[Exercise objective]:
Could you write out, exactly and with no pictures, every line from the one containing "Эпштейн хвастался ужином" through the last line of the entries?

[Records for the exercise]:

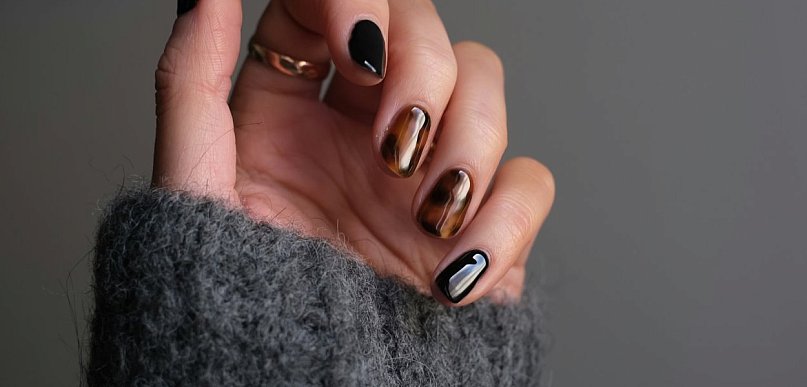 Sprawdź, jak makijaż i manicure odmieniają charakter stylizacji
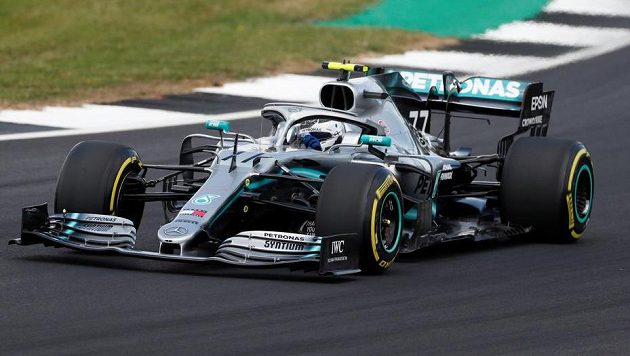 Pilot Mercedesu Valtteri Bottas během tréninku na Velkou cenu Británie. Pilot Mercedesu Valtteri Bottas během tréninku na Velkou cenu Británie.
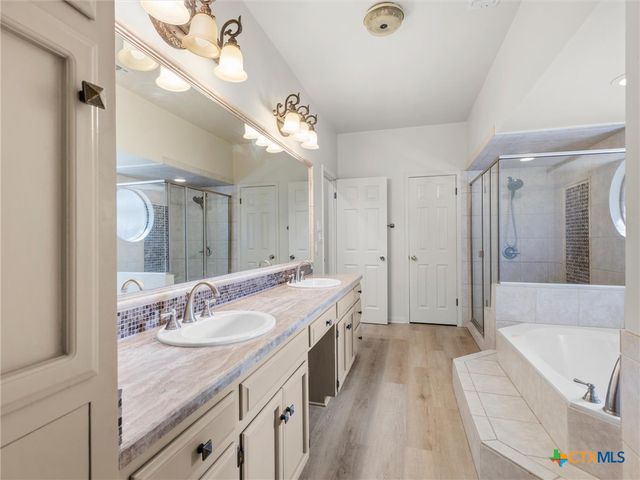 2252 Waterford Grace, New Braunfels, TX 78130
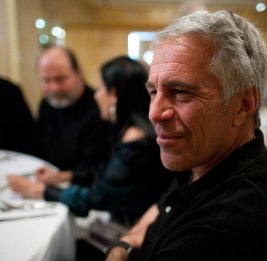 Эпштейн хвастался ужином с Илоном Маском и Марком Цукербергом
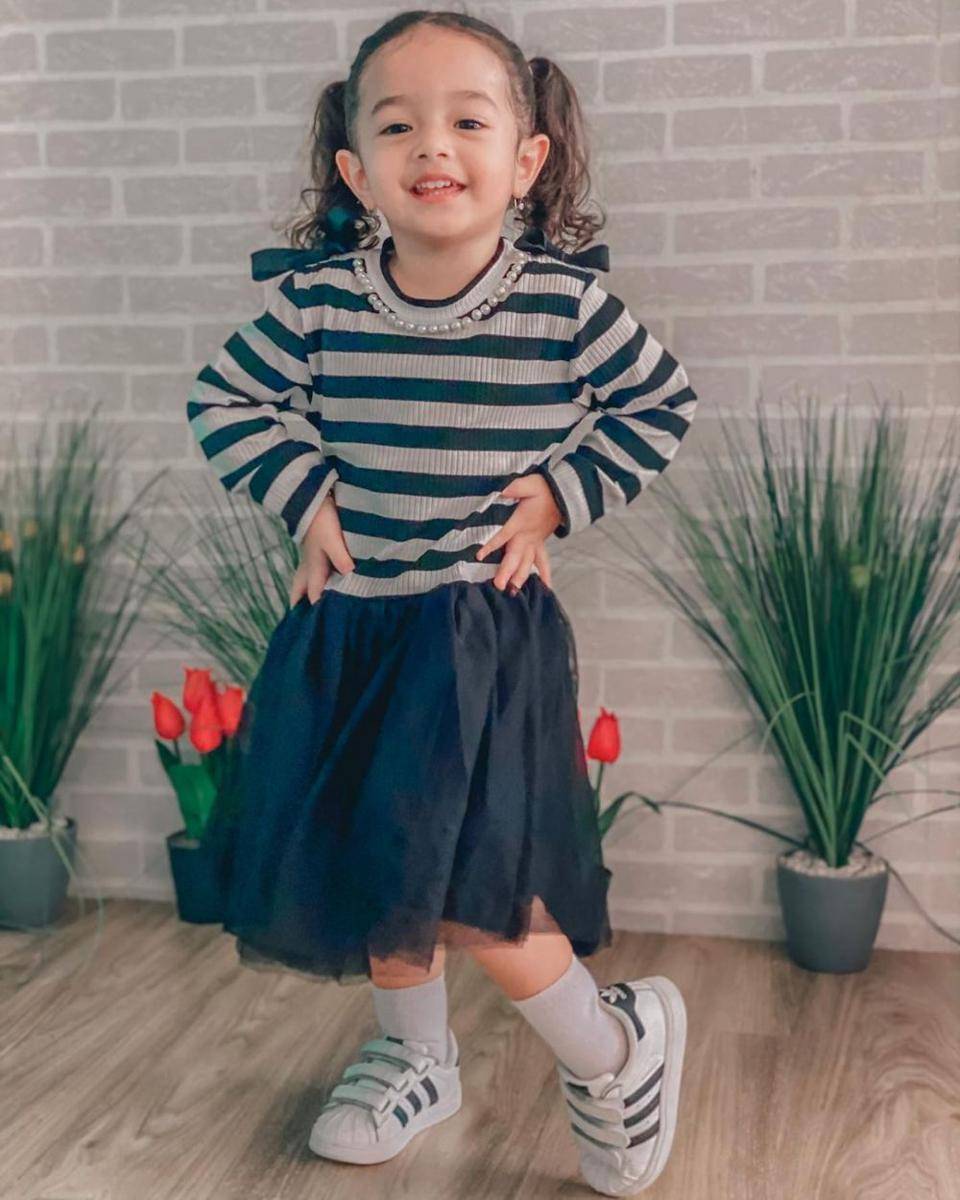 Eijaz jago pose bak model profesional (instagram.com/fairuzarafiq)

[Expected answer]:
 Эпштейн хвастался ужином с Илоном Маском и Марком Цукербергом
 Eijaz jago pose bak model profesional (instagram.com/fairuzarafiq)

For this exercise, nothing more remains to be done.